Lorenzo asked his doctors about survival and side effects and talked to friends and family members before deciding on treatment. He shares his story in this blog post.

Different types of treatment are available for prostate cancer. You and your doctor will decide which treatment is right for you. Some common treatments are

  • Expectant management. If your doctor thinks your prostate cancer is unlikely to grow quickly, he or she may recommend that you dont treat the cancer right away. Instead, you can choose to wait and see if you get symptoms in one of two ways:
  • Active surveillance. Closely monitoring the prostate cancer by performing prostate specific antigen tests and prostate biopsies regularly, and treating the cancer only if it grows or causes symptoms.

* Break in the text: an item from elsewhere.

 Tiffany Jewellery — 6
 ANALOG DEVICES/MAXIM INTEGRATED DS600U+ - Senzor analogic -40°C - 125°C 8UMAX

  • Watchful waiting. No tests are done. Your doctor treats any symptoms when they develop. This is usually recommended for men who are expected to live for 10 more years or less.
  • Surgery. A prostatectomy is an operation where doctors remove the prostate. Radical prostatectomy removes the prostate as well as the surrounding tissue.
  • Radiation therapy. Using high-energy rays to kill the cancer. There are two types of radiation therapy
  • External radiation therapy. A machine outside the body directs radiation at the cancer cells.
  • Internal radiation therapy . Radioactive seeds or pellets are surgically placed into or near the cancer to destroy the cancer cells.